Part One
Our transformation into heavenly beings is often thought of as involving the redirection of our emotional attitudes. We will then love humility rather than power, find satisfaction in serving rather than being served, pleasure in divine companionship rather than worldly applause. Our hunger will be after righteousness, God’s glory rather than our own.
And of course that’s true. But the transformation will be still more profound.
A poet carefully studies the verse he’s been working on, then adds a comma. He sits back, his poem completed. He’s now content with what he’s done.
A man mopping a floor cleans the last corner, and then wrings his mop. He stands back and surveys the room. He’s now content with what he’s done.
What’s the difference in the contentment of the two men? Is there a qualitative difference? Perhaps an aesthetic difference? The one result is art! we say. The other’s merely a clean floor. Yes, but between the experiences of contentment themselves, what’s the difference? Not the difference between what they’re surveilling, but between the quality of the two experiences?
A woman tosses a ball out onto a lawn, then orders the dog crouched tensely at her side: Fetch! The dog springs away, then comes back carrying the ball, its tail wagging. The woman pats the dog on the head and accepts the ball.
Another woman sitting on a lawn is feeling thirsty. Please bring me an ice tea, she says to the maidservant standing nearby. When the maid brings the drink, the woman accepts the glass and says, Thank you.
What’s the difference, from the two women’s points of view? In both cases, an instruction or command has been obliged. Is there some qualitative difference between the two, meaning a difference in the quality or nature of their satisfaction?
A concert pianist strikes the final chord of a Chopin prelude, and the audience in attendance stands and cheers. A basketball player hits the winning basket from beyond the three point line, and the audience stands and cheers. A war hero is introduced at a political convention, and the audience stands and cheers.

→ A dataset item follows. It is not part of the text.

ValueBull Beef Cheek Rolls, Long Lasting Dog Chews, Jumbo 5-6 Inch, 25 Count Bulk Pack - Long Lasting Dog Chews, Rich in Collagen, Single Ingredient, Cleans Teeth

What’s the spiritual difference in the three cases? And how do they differ from the first time her teacher congratulated the budding pianist, from the father cheering the toddler’s first basket in the driveway, from the soldier’s first victory over his playmates at hide-and-seek?
How does the fear of heights differ from the fear of snakes or the fear of failure or the fear of death? How does loving a person differ from loving a movie? Again, simply focused on the experienced fear, the experienced love, not their objects or circumstances?
Standing at a podium overlooking tens of thousands of enthralled soldiers in orderly ranks, a Hitler shouts calumny and fervid promises into a bank of microphones.
Before a small congregation in a country church, I, an aged pastor, moisten the forehead of a baby while murmuring words of sacrament.
Strip away our eyes, ears, memories…everything except the spiritual sentience of our respective moments…and could you even distinguish between the two of us?
The appreciations of the gourmet and the gourmand are indistinguishable. They differ in their objects, but not in their nature. The menu of our emotional life, in whatever setting and however artfully flavored, offers very basic fare, common to rich and poor, to delicate and gross, to saints and sinners, common to all.